Cognitive load theory (CLT), developed by educational psychologist John Sweller in the late 1980s, is built on a simple but powerful premise: human working memory can only hold and process a small number of elements at once (famously estimated at around four to seven items), while long-term memory is effectively unlimited. Learning fails when the demands placed on working memory exceed its capacity. CLT identifies three types of cognitive load. Intrinsic load is the inherent difficulty of the material itself — teaching a complex topic is unavoidably demanding. Extraneous load is the mental effort wasted on poorly designed instruction — cluttered slides, irrelevant decoration, confusing navigation, or splitting related information across the screen. Germane load is the productive effort of building durable mental models (schemas) in long-term memory. The goal of good instructional design is to minimize extraneous load, manage intrinsic load (by chunking and sequencing), and free up capacity for germane load. Practical techniques include the worked-example effect (showing solved problems before asking learners to solve their own), the modality effect (combining visuals with narration rather than visuals with on-screen text), the redundancy effect (removing duplicate information), and segmenting content into learner-controlled chunks. CLT is one of the most empirically supported and directly actionable theories in instructional design. It explains why microlearning works, why cluttered eLearning fails, and why scaffolding matters. Arythmatic's course builder, microlearning support, and clean learner interface are designed to keep extraneous load low so learners spend their mental energy on the content that matters.

Key Benefits

Explains why working-memory overload causes learning to fail
Directly actionable: minimize extraneous, manage intrinsic load
Grounds the worked-example and modality effects in design
Provides the research basis for microlearning and chunking
Improves completion and retention by reducing cognitive overwhelm

Frequently Asked Questions

What is cognitive load theory?

It's the principle that working memory is limited, so instruction must manage the mental effort it imposes. Overloading working memory causes learning to fail; good design keeps wasted (extraneous) load low.

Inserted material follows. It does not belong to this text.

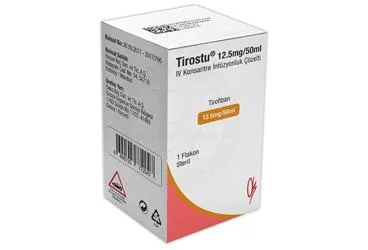 TIROSTU 12,5 MG/50 ML IV KONSANTRE INFUZYONLUK COZELTI (1 FLAKON) ürün ambalajı. Tirofiban hcl içeren çözelti. Üretici: KOÇSEL İLAÇ SANAYİ VE TİCARET ANONİM ŞİRKETİ.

What are the three types of cognitive load?

Intrinsic (the inherent difficulty of the material), extraneous (effort wasted on poor design), and germane (productive effort building durable mental models). Good design minimizes extraneous and manages intrinsic load.

How does cognitive load theory support microlearning?

Because working memory is limited, breaking content into small, focused chunks prevents overload. Microlearning, clean interfaces, and worked examples all reduce extraneous load so learners retain more.